Pictures with short captions
⟨

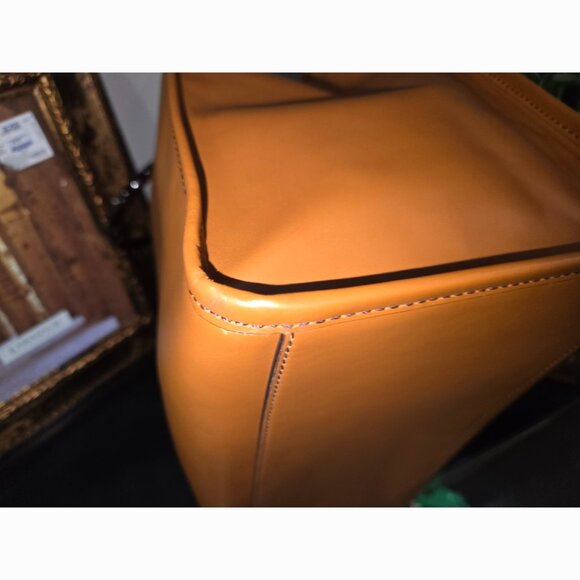 Pristine Authentic Fendi Roma Satchel - Picture 10 of 12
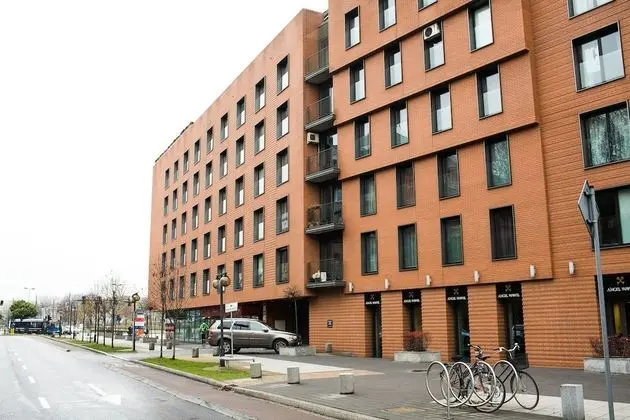 FriendHouse Apartments - City Center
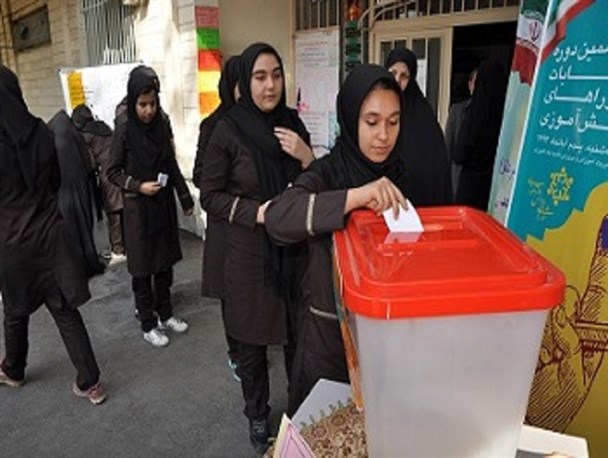 برگزاری انتخابات شوراهای دانش آموزی در ۵۴  آموزشگاه دیّر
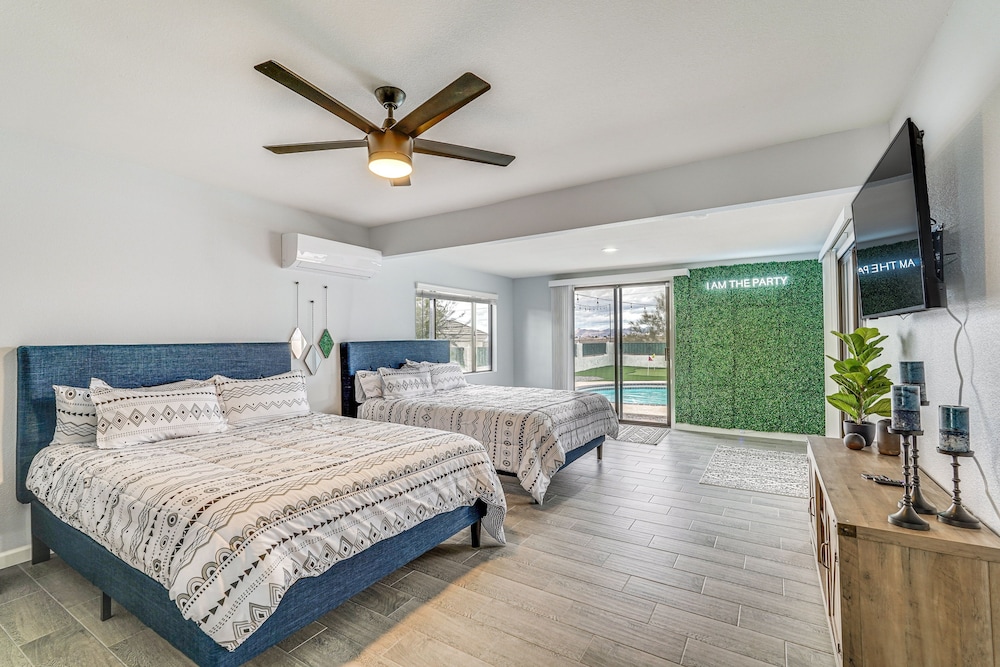 Sunny Arizona Oasis w/ Views - 2 Mi to Lake Havasu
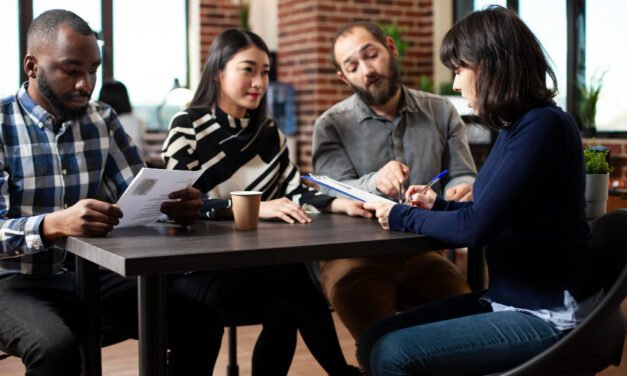 Group Discussions vs. Personal Interviews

⟩

** What you have to do **
Your answer must be an exact copy of the records, free of images.

** Output for this exercise **
 Pristine Authentic Fendi Roma Satchel - Picture 10 of 12
 FriendHouse Apartments - City Center
 برگزاری انتخابات شوراهای دانش آموزی در ۵۴  آموزشگاه دیّر
 Sunny Arizona Oasis w/ Views - 2 Mi to Lake Havasu
 Group Discussions vs. Personal Interviews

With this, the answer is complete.